In CDP, an environment is a logical subset of your cloud provider account including a specific virtual private network. You can register as many environments as you require.

The “environment” concept of CDP is closely related to the virtual private network in your cloud provider account. Registering an environment provides CDP with access to your cloud provider account and identifies the resources in your cloud provider account that CDP services can access or provision. A single environment is contained within a single cloud provider region, so all resources deployed by CDP are deployed within that region within one specific virtual network. Once you’ve registered an environment in CDP, you can start provisioning CDP resources such as clusters, which run on the physical infrastructure in an Azure data center.

The following diagram enumerates the components of an environment:

The diagram illustrates all major user-created and CDP-created components of an environment:

  • The items in dark blue boxes with orange outlines can either be automatically provisioned by CDP on your Azure account, or you can optionally pre-create them and specify them when registering an environment.
  • The items in dark blue boxes must be pre-created by your CDP administrator prior to environment registration and then specified when registering an environment.
  • The items in orange boxes are automatically provisioned on Azure by CDP as part of environment provisioning.

As shown in the diagram, an environment consists of the following resources:

Environment component

Description

Virtual network with subnets An environment corresponds to one specific virtual network (called VNet on Azure) and subnets in which CDP resources are provisioned.
Security groups Security groups (called NSGs on Azure) act as a virtual firewall for your instances to control inbound and outbound traffic.

All VM instances provisioned within an environment use your specified security access settings allowing inbound access to your instances from your organization’s computers.

Credential CDP uses the credential for authorization to provision resources (such as compute instances) within your cloud provider account.

On Azure, credential creation involves creating an application and a service principal within the Azure Active Directory manually (app-based credential).

SSH public key When registering an environment on a public cloud, a CDP administrator provides an SSH public key. This way, the administrator has root-level access to the Data Lake instance and Data Hub cluster instances.
Cloud storage location and managed identities When registering an environment, you must provide an ADLS Gen2 location for storing:
  • All workload cluster data
  • Cluster service logs and Ranger audits

Furthermore, you must create and assign managed identities so that CDP can access the storage location.

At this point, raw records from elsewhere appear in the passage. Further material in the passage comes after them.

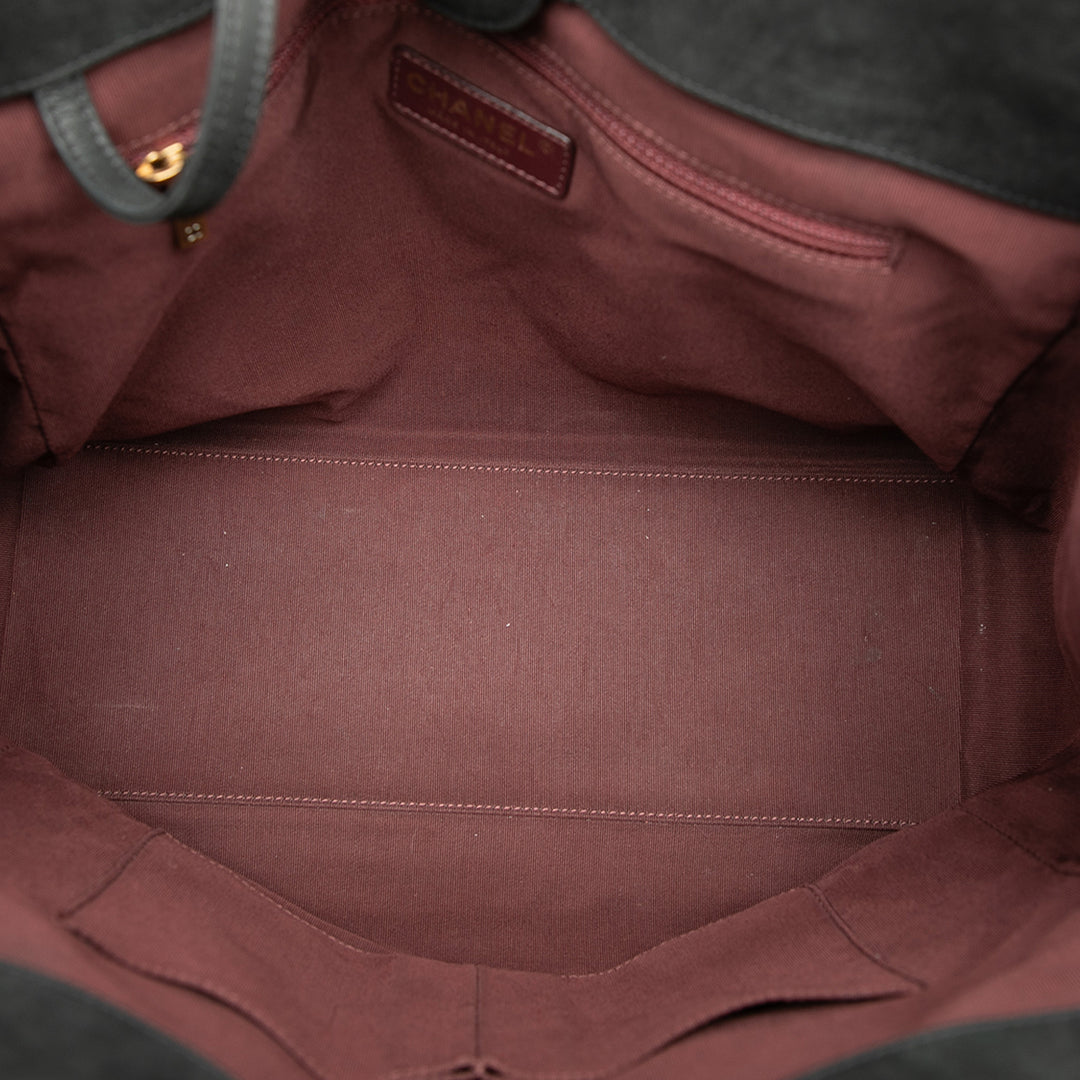 Chanel CC Matelassé Iridescent Cuir de veau Happy Stitch Cabas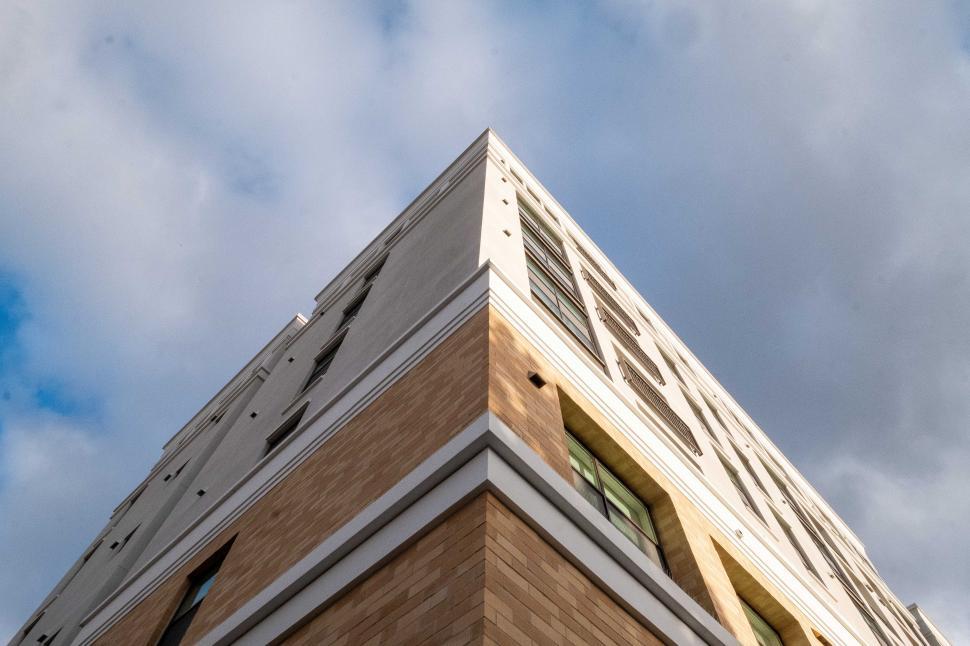 Free Image of Building corner - perspective 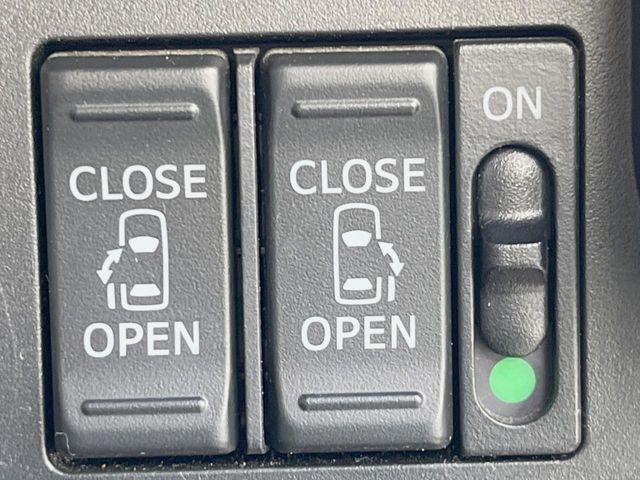 【両側パワースライドドア】スマートキーや運転席のスイッチで後席両側スライドドアの開閉が可能♪電動だから力を入れてドアを開ける必要が無く、小さなお子様でも簡単に開け閉めでき快適です♪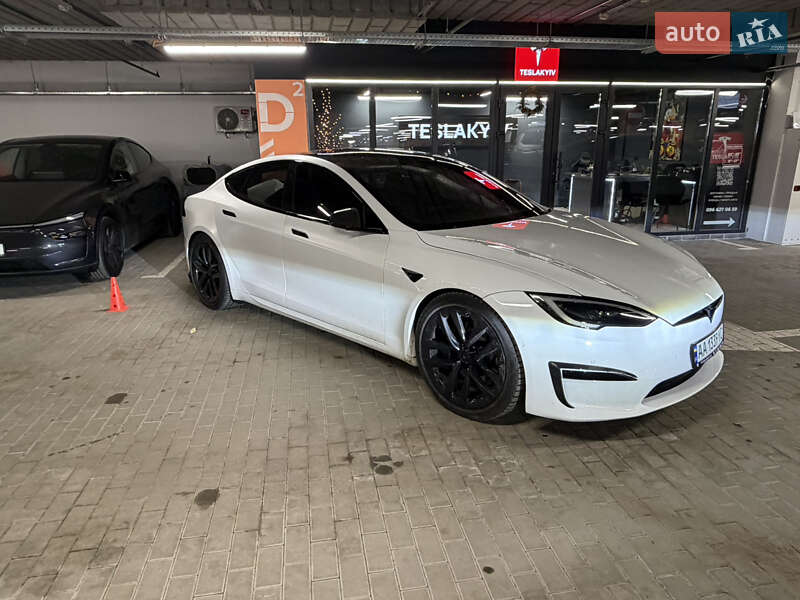 Tesla Model S 2021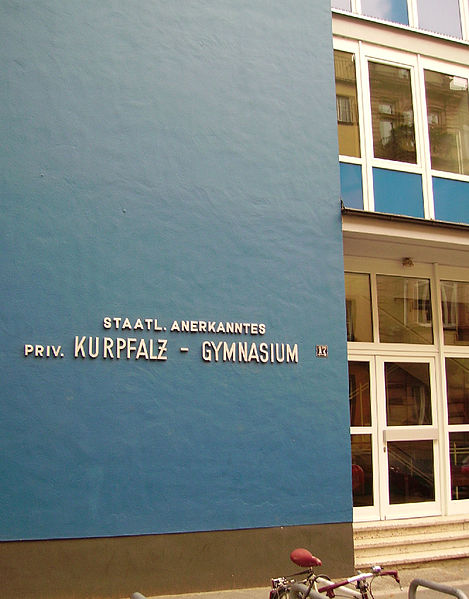 File:Kurpfalzgymnasium Mannheim Eingang.jpg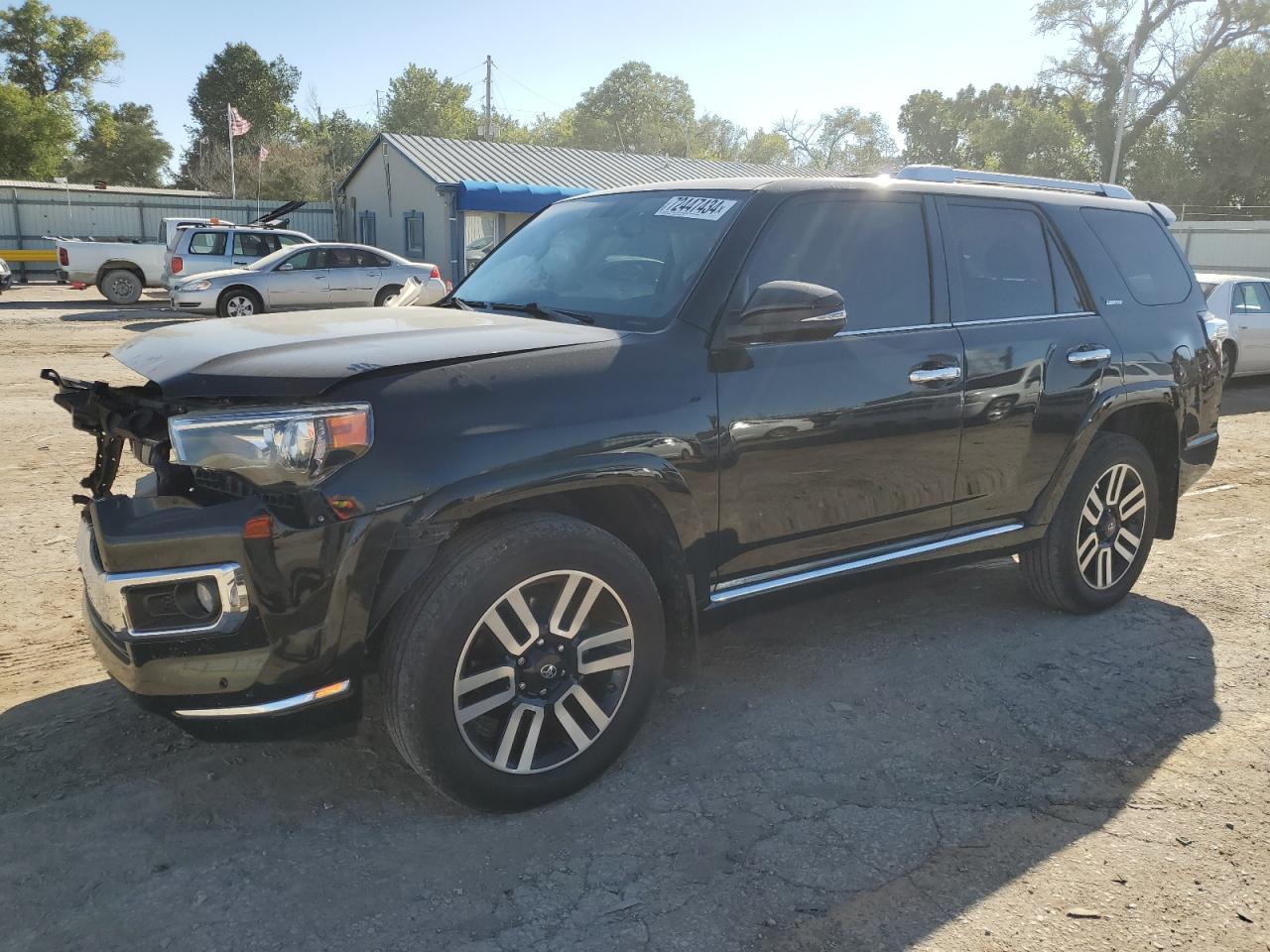 2017 TOYOTA 4RUNNER SR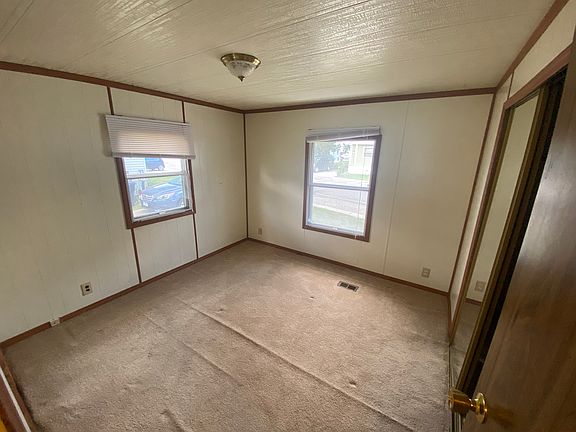 4th image of 3200 King Ave W #28GW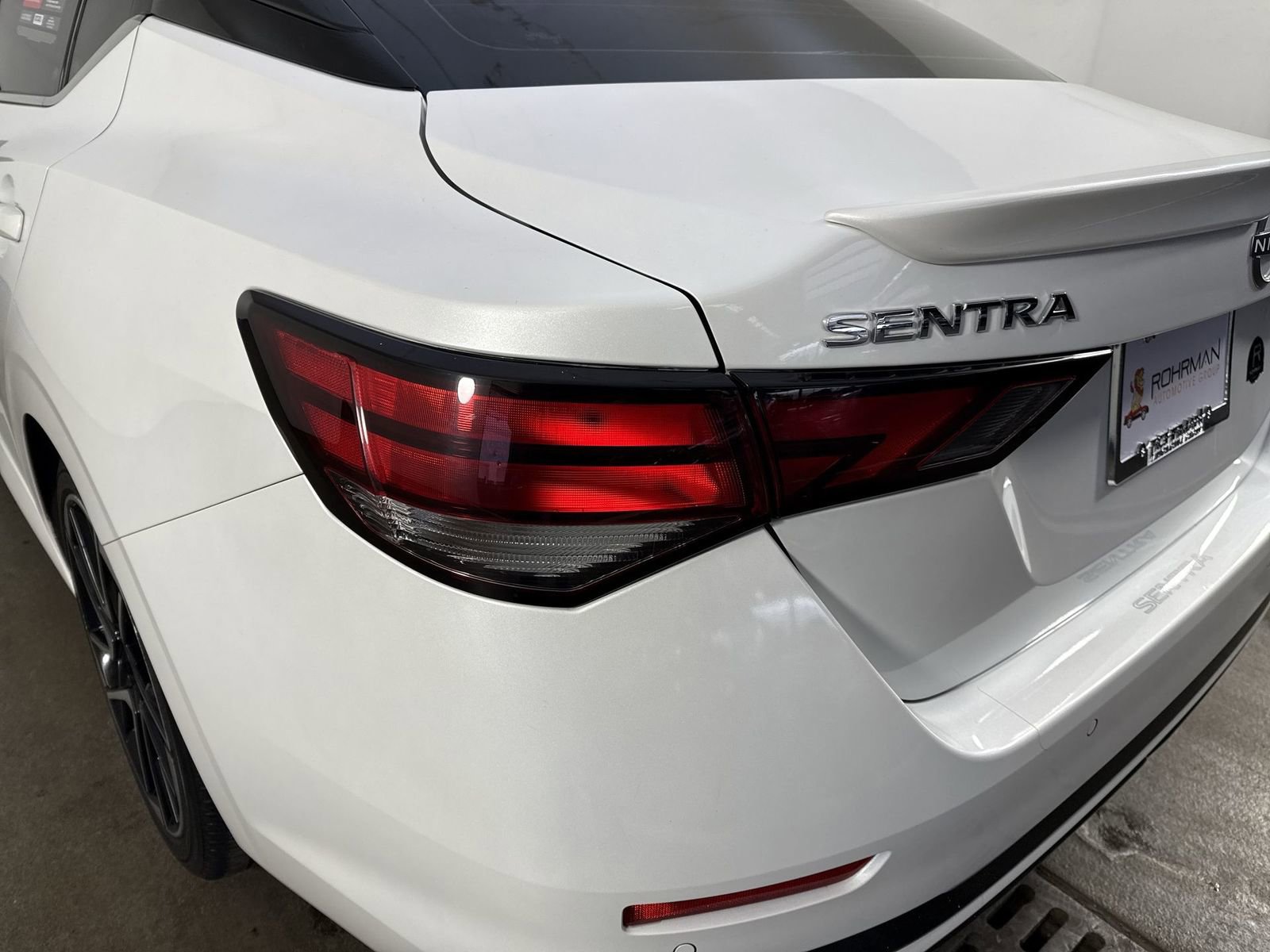 Certified 2024 Nissan Sentra SR FWD image 31
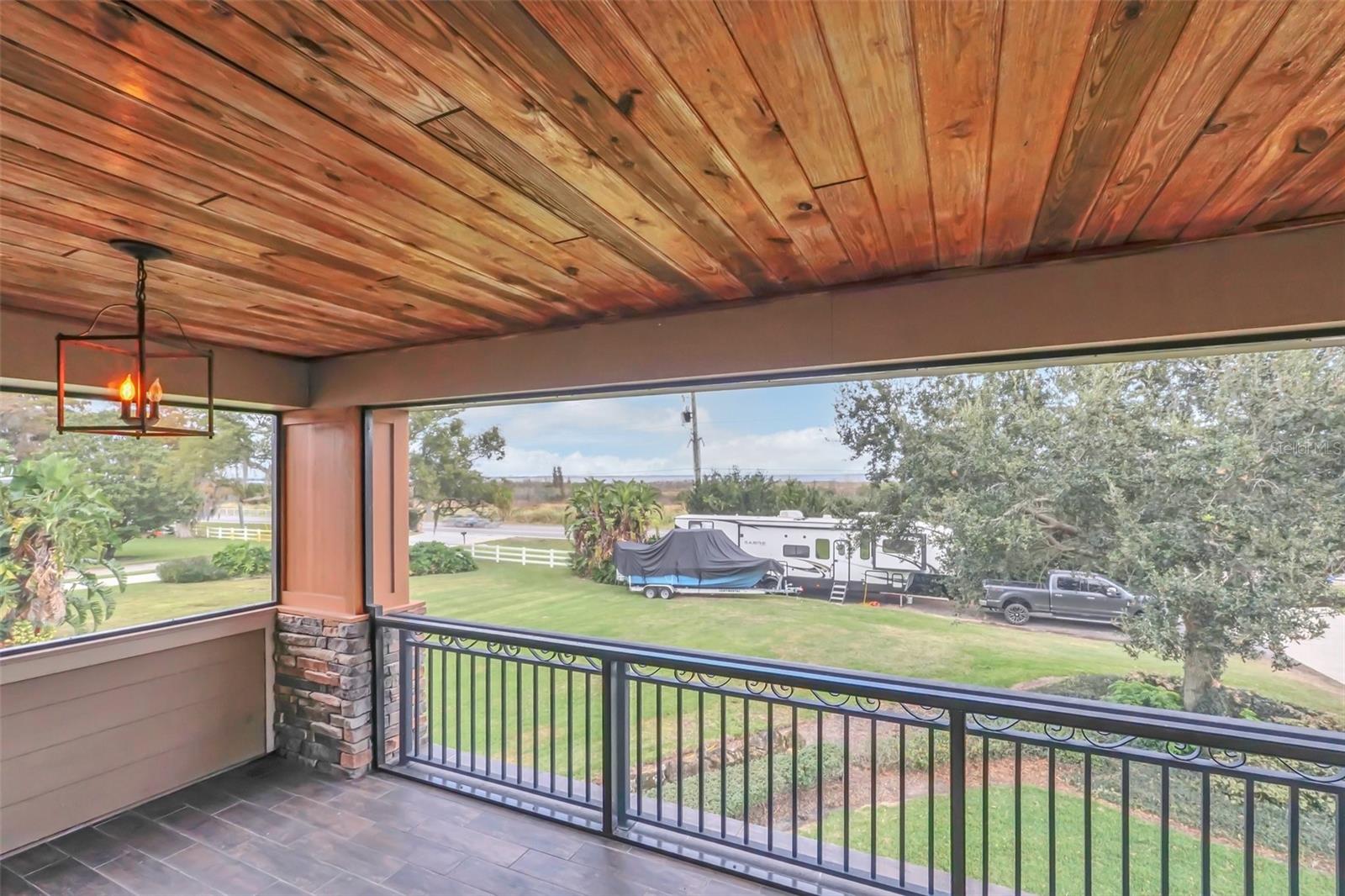 1382 E LAKE SHORE BLVD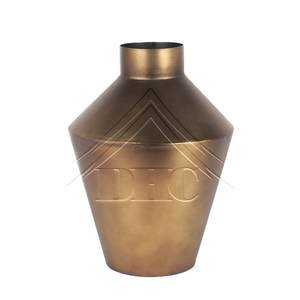 Vases à fleurs en métal de haute qualité avec des motifs géométriques pour une esthétique intérieure contemporaine et minimaliste - Product Image 3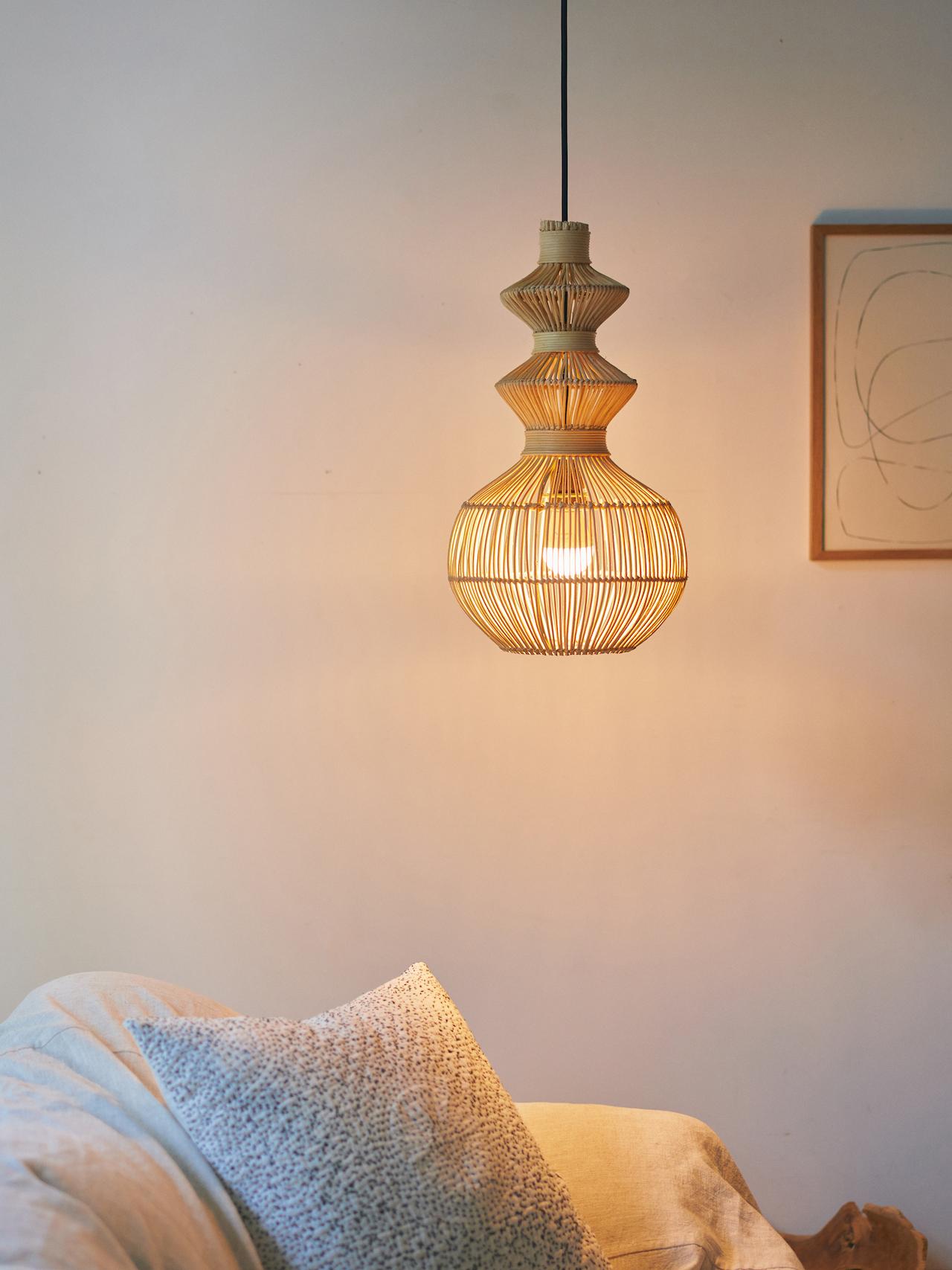 明かりも涼しくラタンやバンブーで。 イデー、ザ・コンランショップ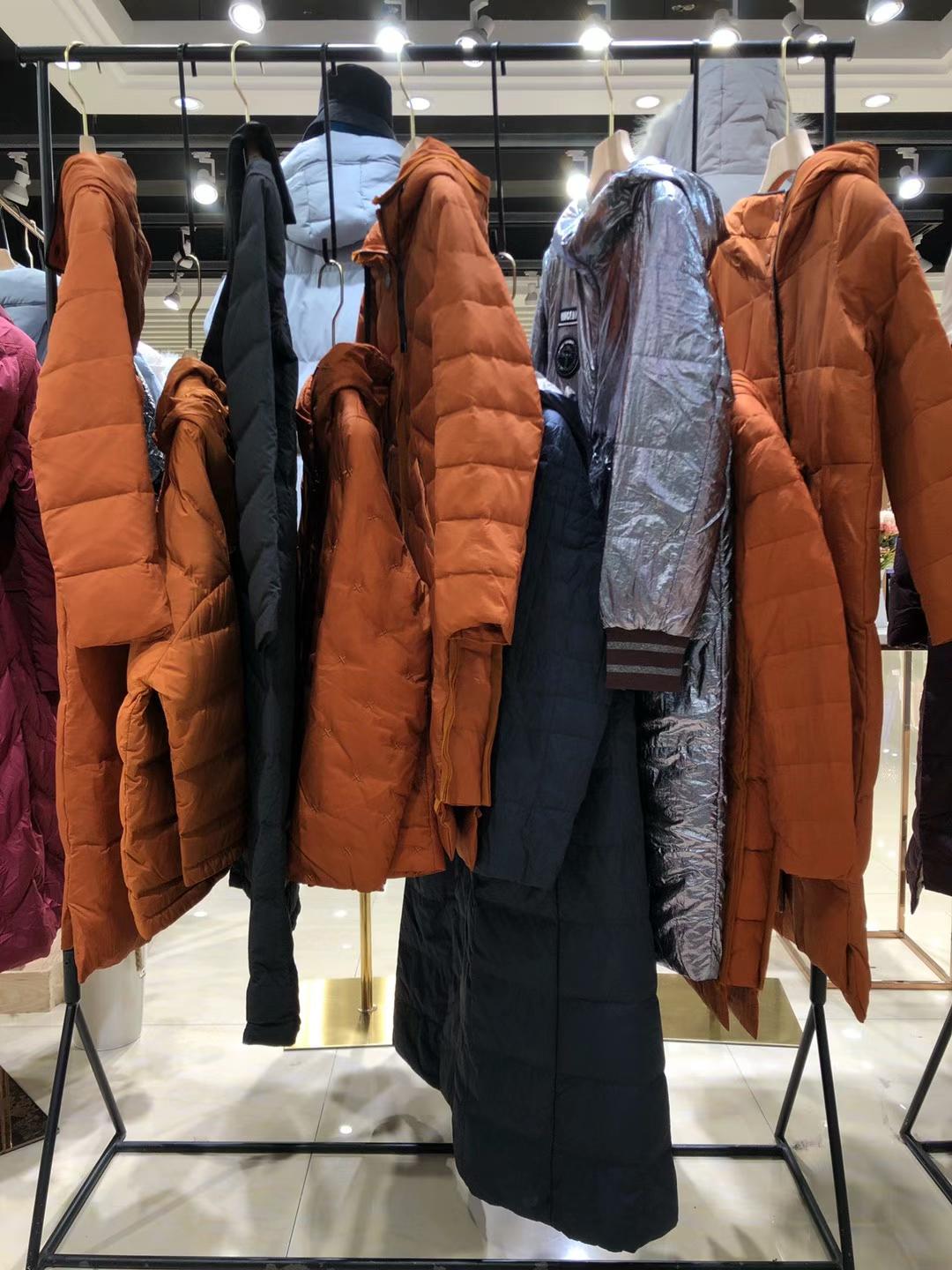 知 名品牌珂朵蕾姆2021冬裝品牌折扣女裝直批發(fā)一手貨源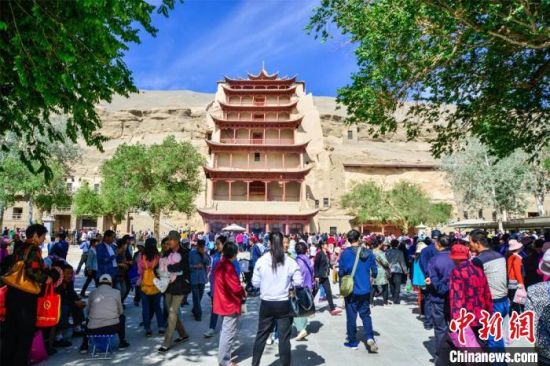 中國農(nóng)歷四月初八，敦煌民眾傳承歷史習(xí)俗，前往莫高窟燒香禮佛、祈福。(資料圖) 王斌銀 攝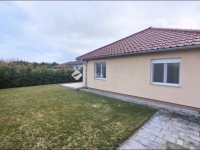 Eladó ikerház, Halásztelken 154 M Ft, 4 szobás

Data Lake A data lake is automatically provisioned when an environment is created. It provides a mechanism for storing, accessing, organizing, securing, and managing data.
FreeIPA A FreeIPA server is automatically provisioned when an environment is created. It is responsible for synchronizing your users and making them available to CDP services, Kerberos service principal management, and more.
Resource groups CDP creates multiple new resource groups for resources that it deploys on your Azure account.

You may want to register multiple environments corresponding to different regions that your organization would like to use. Once your environment is running, you can provision Data Hub clusters, Data Warehouses, and other resources in it.